Anyway, the problem is as follows. Consider a repeated game between two players, the Agent (A) and Nature (N). The game takes place in discrete time. The moves of A are points in some set ${{\mathsf X}}$; the moves of N are functions in some set ${{\mathcal F} = \{ f : {\mathsf X} \rightarrow {\mathbb R} \}}$. The game proceeds according to the following protocol:

• At time ${t=1,\ldots,T}$
• A selects a point ${x_t \in {\mathsf X}}$
• N selects a function ${f_t \in {\mathcal F}}$ and announces it to A
• A suffers loss ${f_t(x_t)}$

At the end of the game, the total loss suffered by A is given by ${\sum^T_{t=1}f_t(x_t)}$. The moves of A are constrained by causality — i.e., ${x_t}$ may depend only on ${x_1,\ldots,x_{t-1}}$ and on ${f_1,\ldots,f_{t-1}}$. We also assume that N is oblivious, i.e., it does not see the moves of A. (This restriction can be removed.) The objective of A is to devise a strategy for selecting ${\{x_t\}^T_{t=1}}$ so as to keep the worst-case regret

$\displaystyle R_T = \sup_{f_1,\ldots,f_T \in {\mathcal F}}\left\{\sum^T_{t=1} f_t(x_t) - \inf_{u \in {\mathsf X}}\sum^T_{t=1} f_t(u)\right\}.$

as small as possible. Note that the regret is the worst-case gap between the total cost of incremental decisions made on the basis of causally available information and the total cost that could have been incurred in hindsight, with full knowledge of the costs, by a single point in ${{\mathsf X}}$. It is also possible to introduce the regret against dynamic strategies, i.e., sequences of points ${u_1,\ldots,u_T \in {\mathsf X}}$, but then we must restrict the complexity of these comparator sequences in some way (e.g., require that they vary slowly), and the analysis is a lot messier. Nevertheless, even this simple set-up can describe sequential versions of all sorts of problems, including data compression, prediction, classification, regression, investment, task assignment, etc.

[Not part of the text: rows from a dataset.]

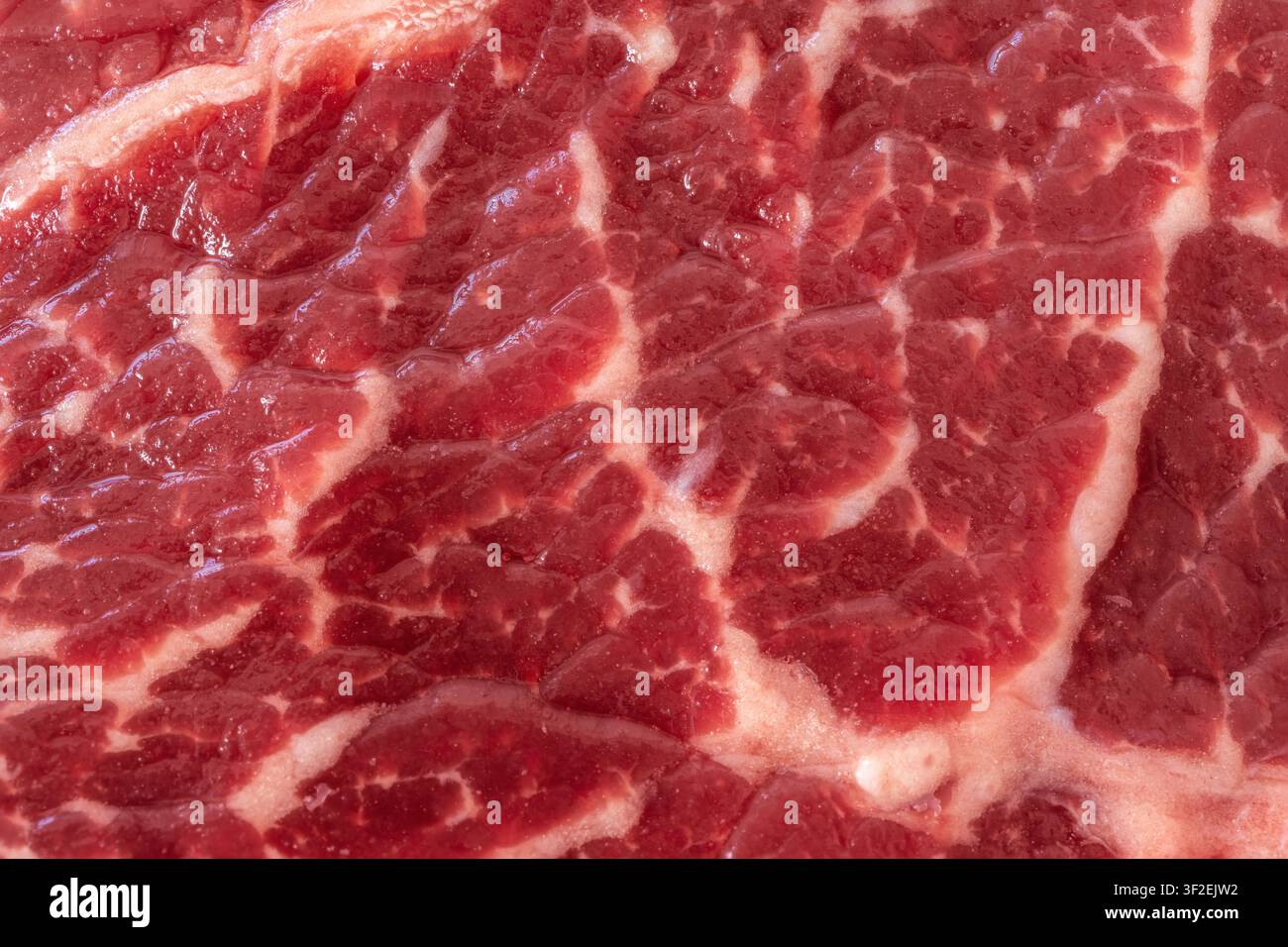 Steak de bœuf Wagyu cru motif macro. Tranche de viande rouge fraîche gros plan, coupe détaillée de sirloin rump. Viande à marbrures Black Angus, steak de bœuf frais vue de dessus Banque D'Images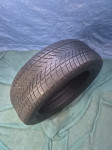 Gume zimske Goodyear 215/55/17 3 kom.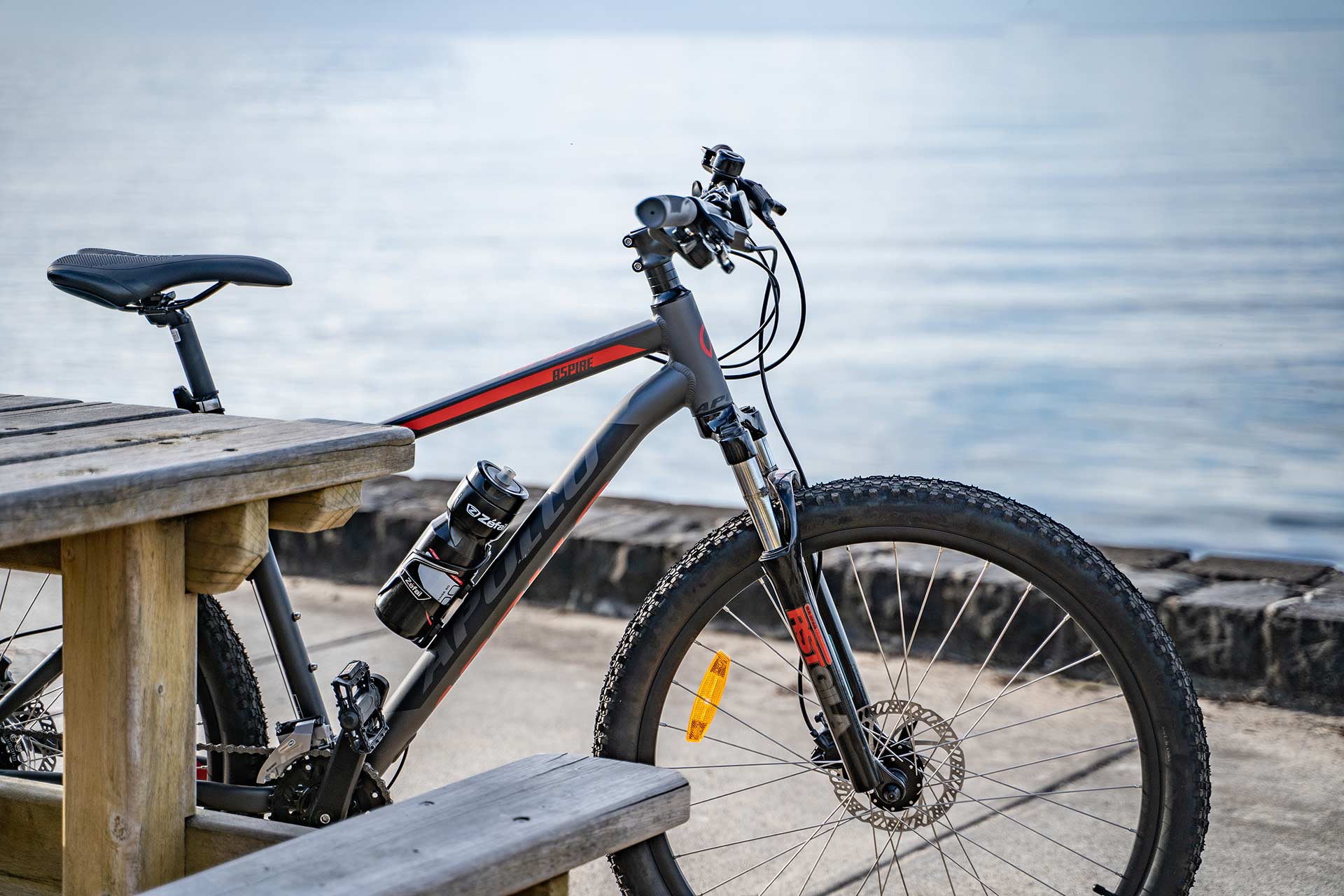 apollo mountain bike price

We will allow A to use randomized strategies. That is, at each time ${t}$ A can choose a probability distribution ${P_{t-1}}$ over ${{\mathsf X}}$ and draw his next move ${X_t}$ at random according to ${P_{t-1}}$. As before, A is constrained by causality, so the choice of ${P_{t-1}}$ can depend only on currently available information. We shall therefore compare the expected cumulative cost over ${T}$ rounds with the smallest cumulative cost that can be incurred with full knowledge of ${f_1,\ldots,f_T}$ using a single random choice of a point in ${{\mathsf X}}$. In other words, the regret is

$\displaystyle R_T = \sup_{f_1,\ldots,f_T} \sup_{P_U}\mathop{\mathbb E} \left\{\sum^T_{t=1}f_t(X_t) - f_t(U)\right\},$

where a strategy of A is a sequence ${\{P_{t-1}\}^T_{t=1}}$ of distributions over ${{\mathsf X}}$, so that ${X_t \sim P_t}$ for every ${t}$.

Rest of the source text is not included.